Consider the LR circuit shown in the figure. If the switch S is closed at t = 0 then the amount of charge that passes through the battery between t = 0 and t = $$\frac{L}{R}$$ is:

We are dealing with a series LR circuit whose switch is closed at the instant $$t = 0$$. At that moment the current is zero, and thereafter it rises according to the well-known growth law for an LR circuit.

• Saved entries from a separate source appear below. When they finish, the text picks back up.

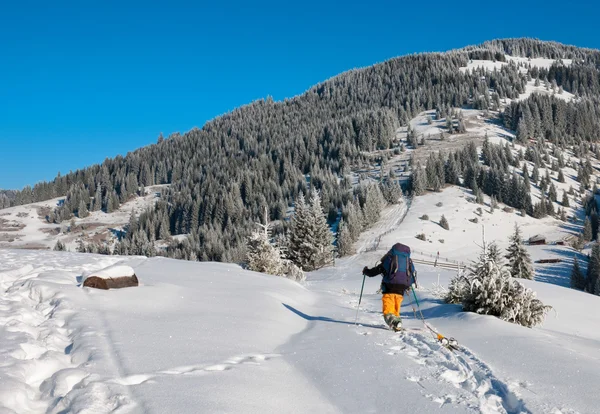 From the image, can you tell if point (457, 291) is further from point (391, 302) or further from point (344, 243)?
point (344, 243)

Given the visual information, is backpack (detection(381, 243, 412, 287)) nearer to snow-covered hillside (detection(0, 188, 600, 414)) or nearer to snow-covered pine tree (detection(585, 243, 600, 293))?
snow-covered hillside (detection(0, 188, 600, 414))

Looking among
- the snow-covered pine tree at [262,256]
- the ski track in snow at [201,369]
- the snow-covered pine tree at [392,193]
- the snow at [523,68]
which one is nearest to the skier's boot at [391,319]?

First, we recall the current-time relation for a resistor $$R$$ in series with an inductor $$L$$ connected to a constant emf $$E$$. The standard formula is stated as

$$i(t) = \frac{E}{R}\Bigl(1 - e^{-\,\frac{R}{L}t}\Bigr).$$

This expression comes from solving the differential equation $$E = L\dfrac{di}{dt} + Ri$$ with the initial condition $$i(0)=0$$.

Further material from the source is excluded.